The study led by NASA's Jet Propulsion Laboratory (JPL) in the US combed through 15 years of data acquired by the space agency's Atmospheric Infrared Sounder (AIRS) instrument over the tropical oceans to determine the relationship between the average sea surface temperature and the onset of severe storms.
The researchers found that extreme storms -- those producing at least three millimetres of rain per hour over a 25-kilometre area -- formed when the sea surface temperature was higher than about 28 degrees Celsius.
The study, published in the journal Geophysical Research Letters, also found that, based on the data, 21 per cent more storms form for every one degree Celsius that ocean surface temperatures rise.
"It is somewhat common sense that severe storms will increase in a warmer environment.
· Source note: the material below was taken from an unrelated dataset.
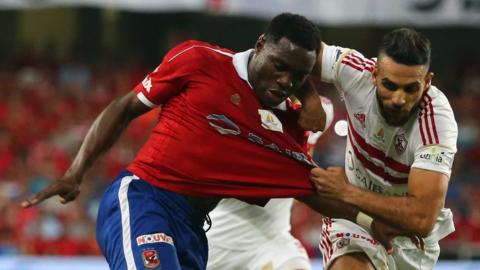 Zamalek's Ahmed Dwedar (right) vies with Al Ahly's Malik Evona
Thunderstorms typically occur in the warmest season of the year," said Hartmut Aumann of JPL.
"But our data provide the first quantitative estimate of how much they are likely to increase, at least for the tropical oceans," Aumann said.
Currently accepted climate models project that with a steady increase of carbon dioxide in the atmosphere (one per cent per year), tropical ocean surface temperatures may rise by as much as 2.7 degrees Celsius by the end of the century.
The study concludes that if this were to happen, we could expect the frequency of extreme storms to increase by as much as 60 percent by that time.
Although climate models are not perfect, results like these can serve as a guideline for those looking to prepare for the potential effects a changing climate may have, researchers said.
"Our results quantify and give a more visual meaning to the consequences of the predicted warming of the oceans," Aumann said.
"More storms mean more flooding, more structure damage, more crop damage and so on, unless mitigating measures are implemented," he said.